*What to do:*
Exactly reproduce the lines from the one holding "this 350×262 image." through the end of the records, including both boundary lines but no pictures.

*Given records:*
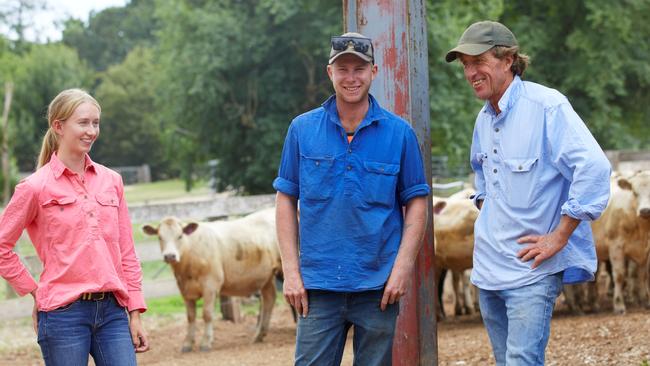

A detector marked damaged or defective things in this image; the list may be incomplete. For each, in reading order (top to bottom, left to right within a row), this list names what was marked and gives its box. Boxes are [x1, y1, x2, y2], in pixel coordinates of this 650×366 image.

rusty metal pole [340, 1, 436, 364]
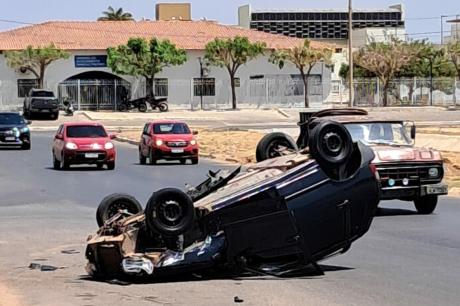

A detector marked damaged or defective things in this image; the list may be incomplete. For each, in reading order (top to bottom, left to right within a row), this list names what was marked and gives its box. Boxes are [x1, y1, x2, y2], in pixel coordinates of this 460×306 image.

overturned black car [84, 120, 380, 278]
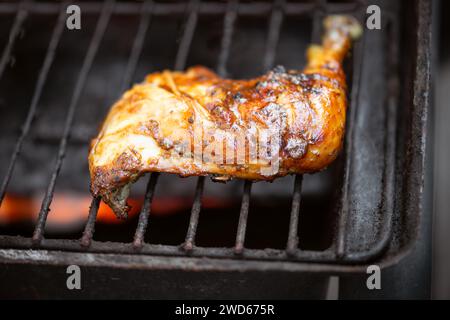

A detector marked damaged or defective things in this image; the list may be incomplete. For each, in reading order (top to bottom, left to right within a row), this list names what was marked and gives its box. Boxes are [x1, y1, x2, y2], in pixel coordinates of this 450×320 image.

rusted grill bar [0, 1, 66, 205]
rusted grill bar [31, 0, 115, 244]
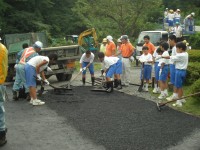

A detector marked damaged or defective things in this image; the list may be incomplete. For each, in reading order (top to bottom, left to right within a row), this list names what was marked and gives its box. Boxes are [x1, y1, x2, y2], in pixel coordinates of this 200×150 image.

asphalt patch [42, 86, 200, 149]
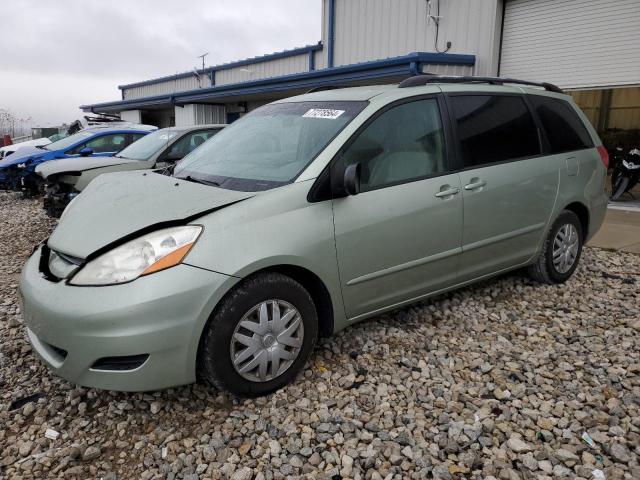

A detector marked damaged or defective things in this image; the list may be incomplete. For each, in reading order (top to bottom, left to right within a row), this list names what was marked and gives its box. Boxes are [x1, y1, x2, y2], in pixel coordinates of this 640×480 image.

damaged car in background [0, 126, 156, 198]
damaged car in background [37, 126, 224, 218]
broken headlight [69, 225, 201, 284]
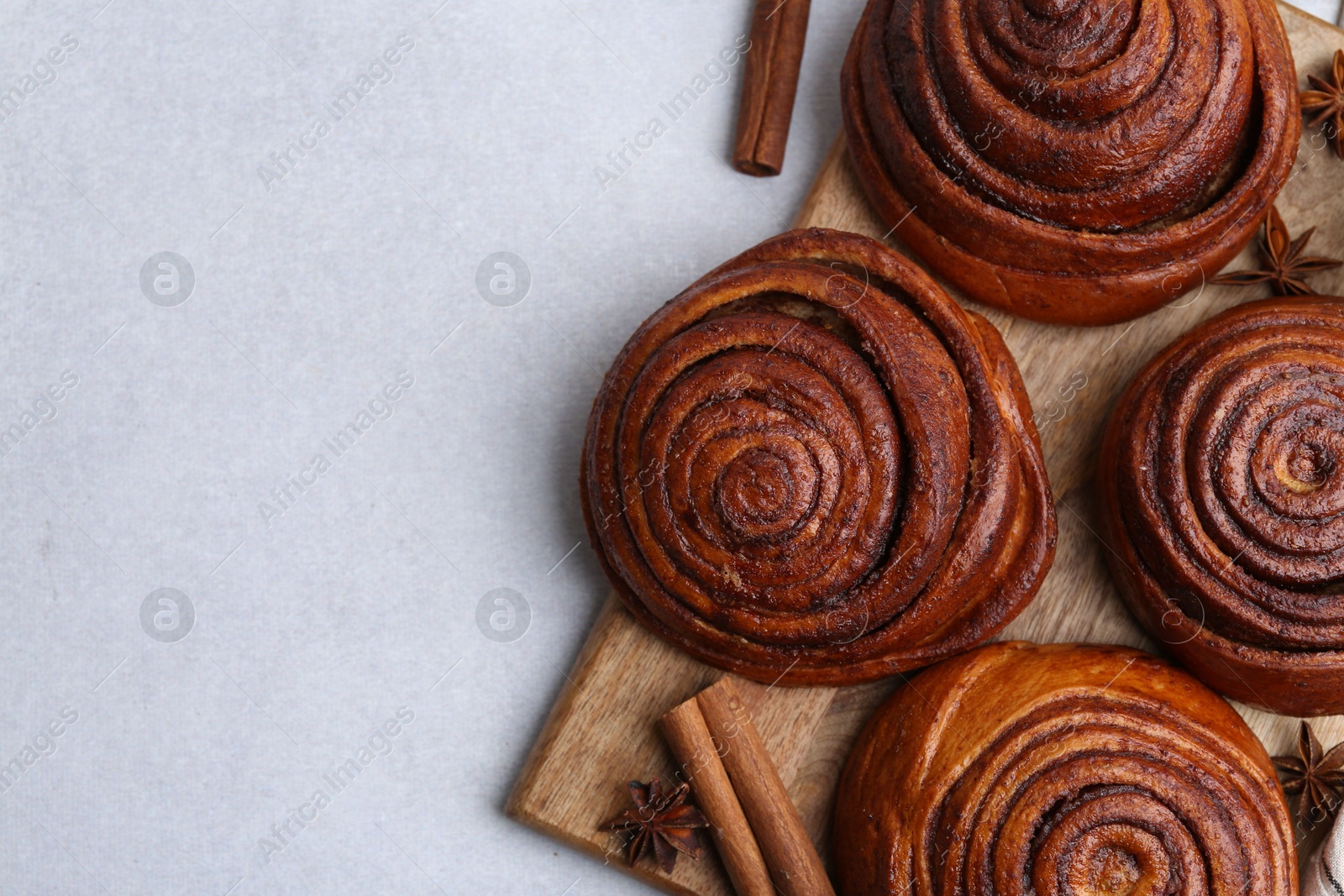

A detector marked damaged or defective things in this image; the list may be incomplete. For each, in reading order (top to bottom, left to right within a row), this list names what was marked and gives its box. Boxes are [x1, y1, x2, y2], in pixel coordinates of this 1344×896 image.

broken cinnamon stick [731, 0, 811, 177]
broken cinnamon stick [659, 698, 774, 896]
broken cinnamon stick [693, 679, 827, 896]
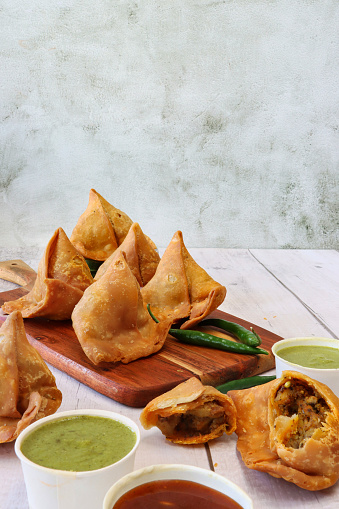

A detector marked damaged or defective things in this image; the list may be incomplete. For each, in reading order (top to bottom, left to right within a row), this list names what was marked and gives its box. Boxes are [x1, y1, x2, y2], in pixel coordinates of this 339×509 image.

broken samosa [2, 226, 94, 318]
broken samosa [72, 251, 171, 366]
broken samosa [94, 221, 161, 288]
broken samosa [141, 231, 226, 328]
broken samosa [0, 310, 61, 440]
broken samosa [140, 376, 236, 442]
broken samosa [230, 372, 339, 490]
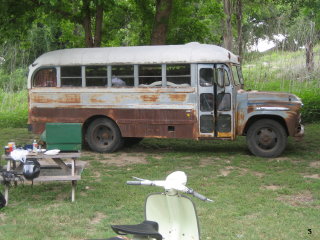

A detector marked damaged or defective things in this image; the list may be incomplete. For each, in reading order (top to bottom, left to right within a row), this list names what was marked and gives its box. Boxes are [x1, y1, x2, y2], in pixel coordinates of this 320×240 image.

broken window [32, 67, 56, 87]
broken window [60, 66, 82, 86]
broken window [85, 66, 108, 86]
broken window [111, 65, 134, 87]
broken window [139, 64, 162, 86]
broken window [165, 64, 190, 86]
rusty old bus [26, 41, 302, 158]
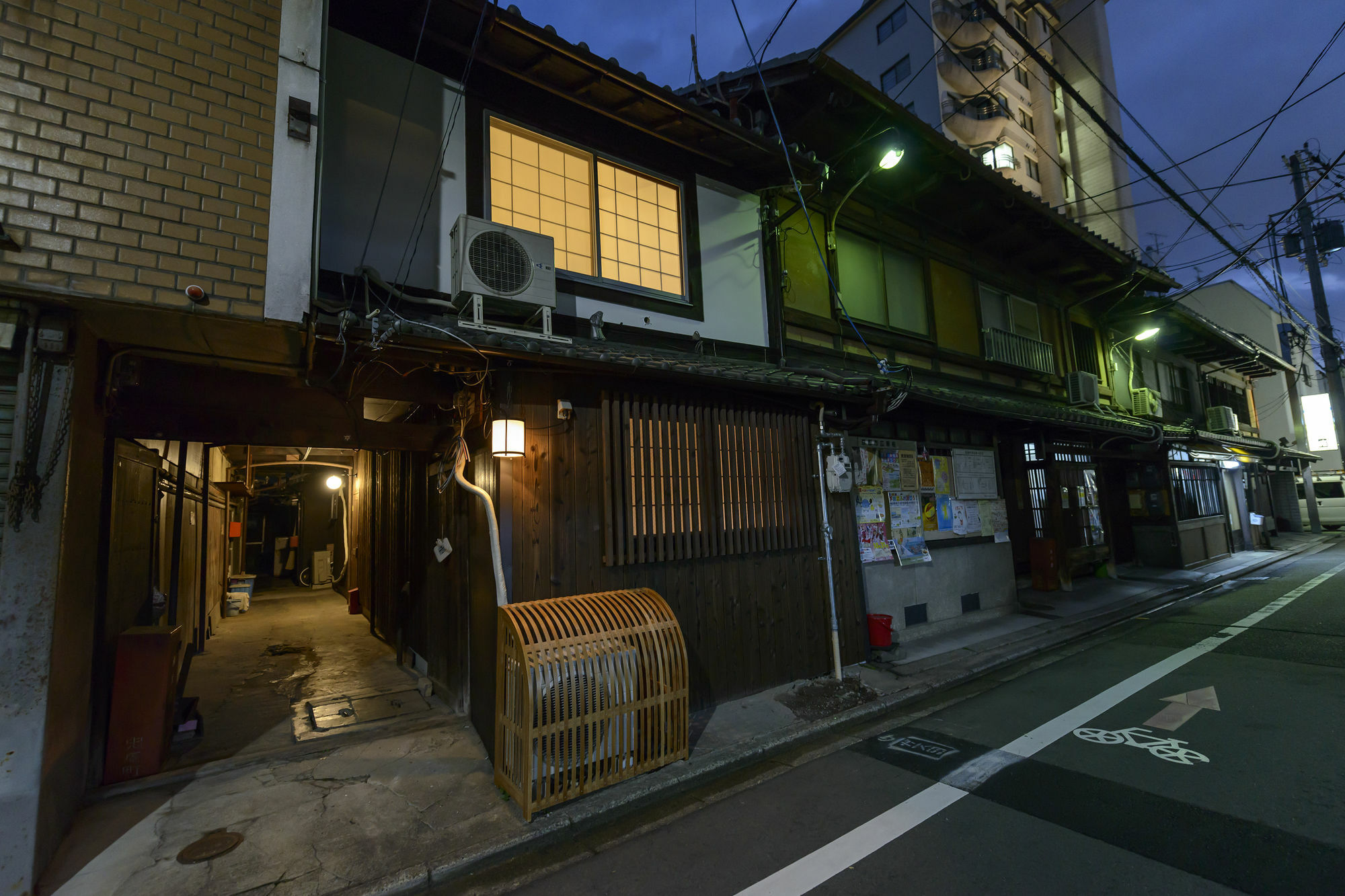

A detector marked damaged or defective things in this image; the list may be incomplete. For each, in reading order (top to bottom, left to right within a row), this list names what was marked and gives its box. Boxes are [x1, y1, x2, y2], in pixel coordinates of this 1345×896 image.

cracked concrete pavement [42, 721, 514, 887]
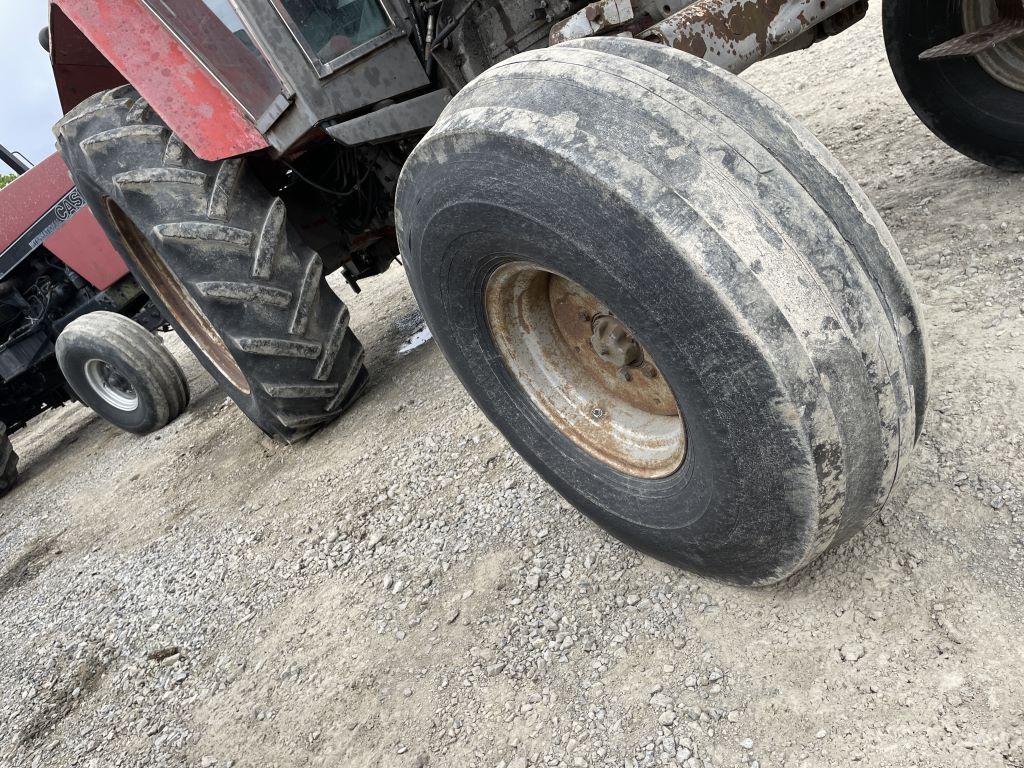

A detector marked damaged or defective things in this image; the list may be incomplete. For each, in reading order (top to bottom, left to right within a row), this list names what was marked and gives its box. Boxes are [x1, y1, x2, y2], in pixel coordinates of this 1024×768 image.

rusty wheel rim [962, 0, 1024, 92]
rusty wheel rim [483, 264, 684, 481]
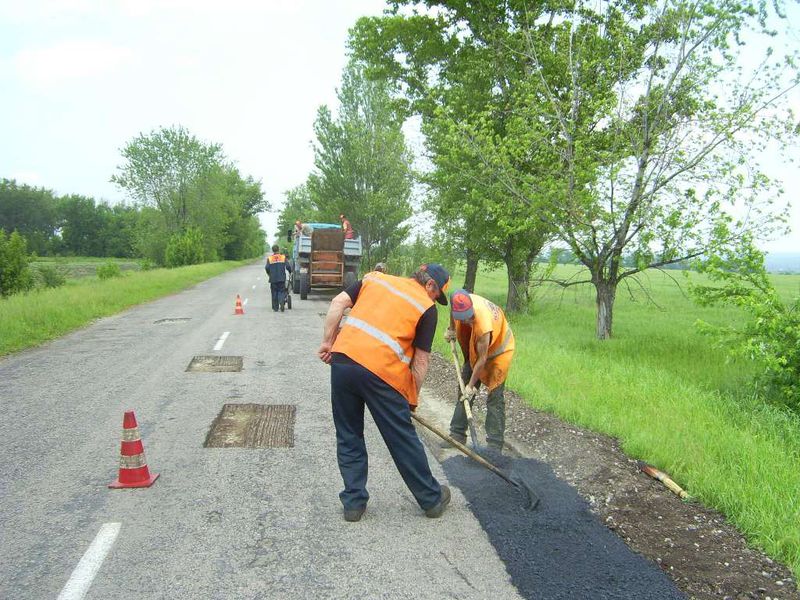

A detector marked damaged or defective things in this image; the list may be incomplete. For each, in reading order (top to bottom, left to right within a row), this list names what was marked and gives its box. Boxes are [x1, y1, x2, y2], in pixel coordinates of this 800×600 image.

pothole repair [186, 354, 242, 372]
pothole repair [205, 406, 296, 448]
road pothole [205, 406, 296, 448]
fresh asphalt patch [440, 452, 684, 596]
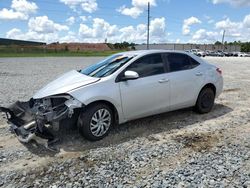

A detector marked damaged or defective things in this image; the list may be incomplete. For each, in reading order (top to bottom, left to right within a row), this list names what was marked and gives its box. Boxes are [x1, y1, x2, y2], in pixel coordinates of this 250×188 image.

crushed front end [0, 94, 82, 149]
bent hood [33, 69, 99, 98]
damaged white sedan [0, 50, 223, 148]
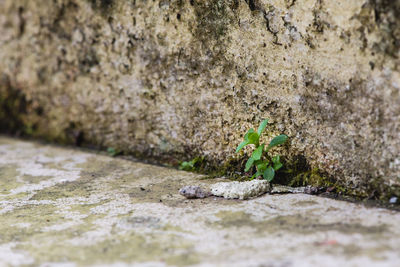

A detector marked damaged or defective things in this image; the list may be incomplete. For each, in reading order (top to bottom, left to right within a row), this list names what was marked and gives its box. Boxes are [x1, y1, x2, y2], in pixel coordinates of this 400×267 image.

cracked concrete floor [0, 137, 400, 266]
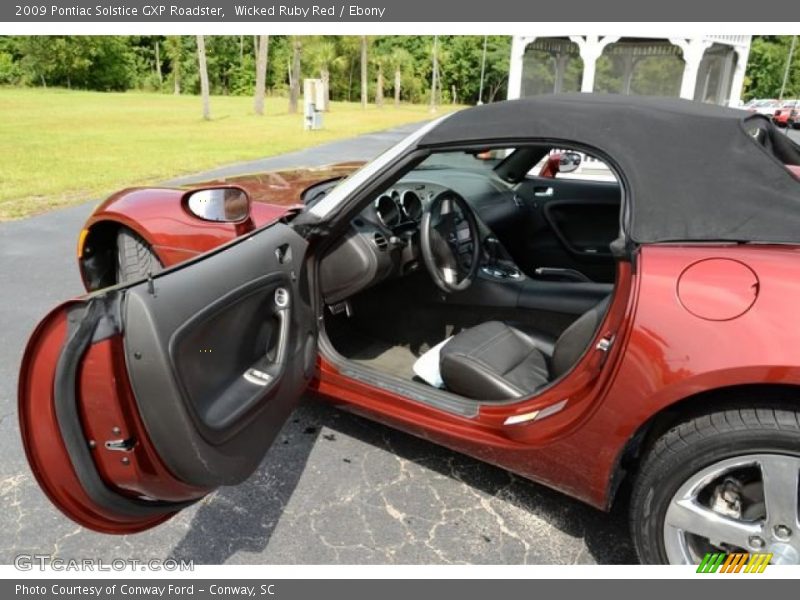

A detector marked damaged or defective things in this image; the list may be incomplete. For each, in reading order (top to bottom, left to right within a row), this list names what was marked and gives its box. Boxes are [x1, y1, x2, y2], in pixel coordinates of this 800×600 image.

cracked asphalt [0, 120, 644, 564]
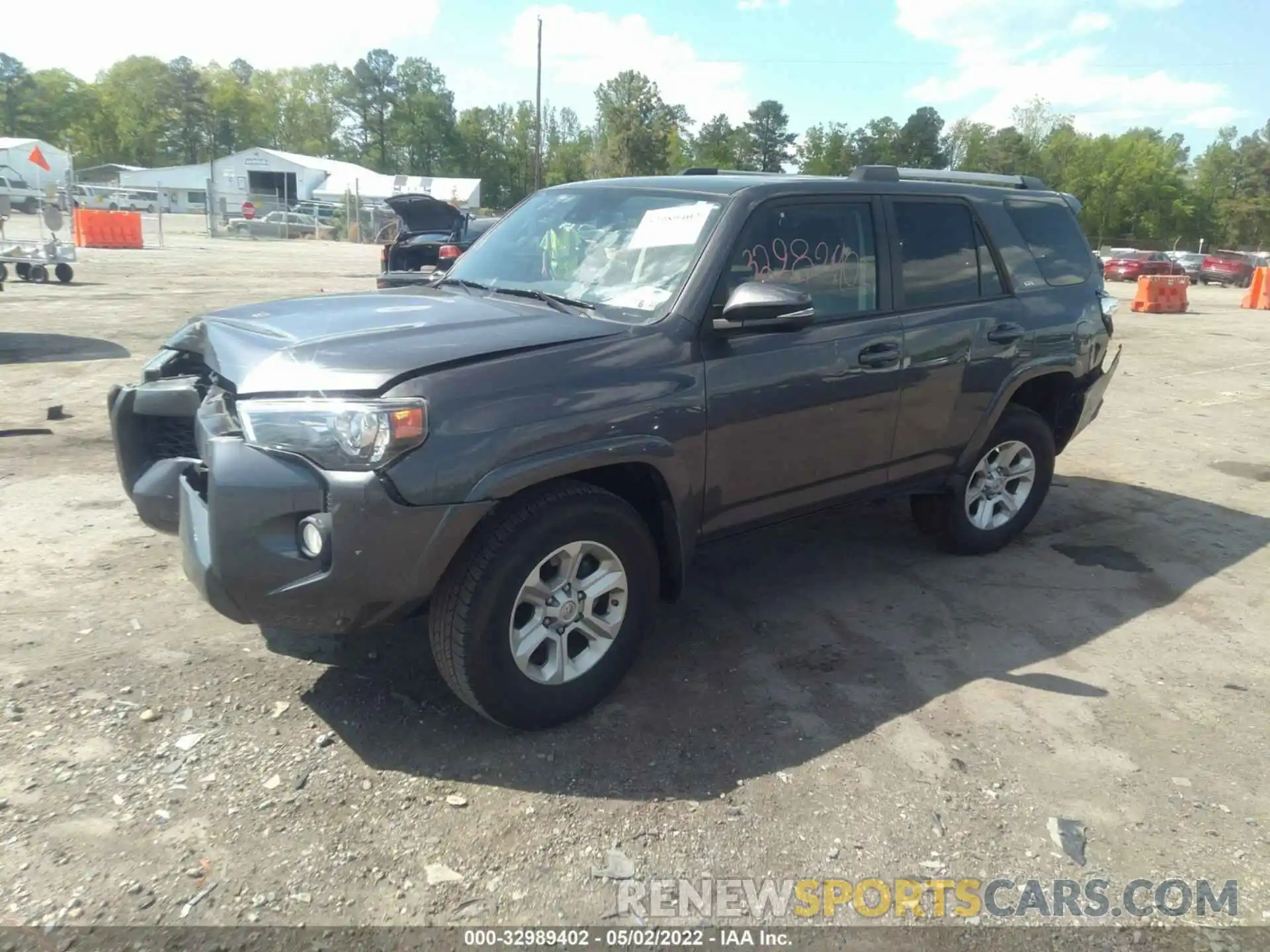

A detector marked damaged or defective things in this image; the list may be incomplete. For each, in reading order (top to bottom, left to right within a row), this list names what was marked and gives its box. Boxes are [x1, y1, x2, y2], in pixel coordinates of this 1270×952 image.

detached bumper [106, 378, 492, 632]
detached bumper [1069, 346, 1122, 442]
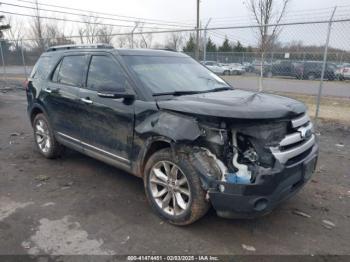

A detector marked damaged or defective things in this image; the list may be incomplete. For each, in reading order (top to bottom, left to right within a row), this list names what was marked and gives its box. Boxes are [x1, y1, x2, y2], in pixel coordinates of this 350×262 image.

damaged ford explorer [26, 44, 318, 225]
crushed hood [156, 89, 306, 119]
crumpled front bumper [209, 142, 318, 218]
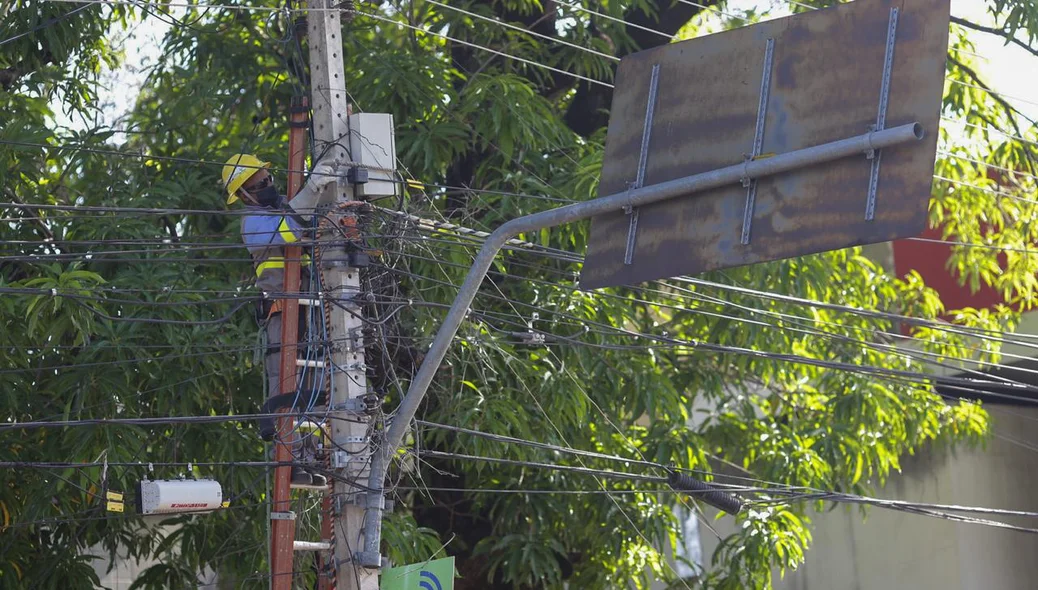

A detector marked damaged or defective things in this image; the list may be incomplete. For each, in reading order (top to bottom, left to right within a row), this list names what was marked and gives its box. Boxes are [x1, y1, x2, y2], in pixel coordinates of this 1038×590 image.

large rusty metal sign [581, 0, 950, 288]
rust stain on sign [585, 0, 950, 288]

*Task result:*
A detector marked damaged or defective things in this image; the list may be incomplete. For each, in reading order (top to bottom, left to right within a row), this list names what was marked and gives its box. Boxes are [x1, y1, x2, y2], in pixel coordinates of this 350×262 image.

damaged ford explorer [26, 44, 318, 225]
crushed hood [156, 89, 306, 119]
crumpled front bumper [209, 142, 318, 218]

A detector marked damaged or defective things in this image; the list may be incomplete. For each, in reading order (top to bottom, left to right within a row), this list names what was marked and gives its box. Boxes are [x1, y1, x2, y2], in pixel coordinates of this 1038×590 image.

large rusty metal sign [581, 0, 950, 288]
rust stain on sign [585, 0, 950, 288]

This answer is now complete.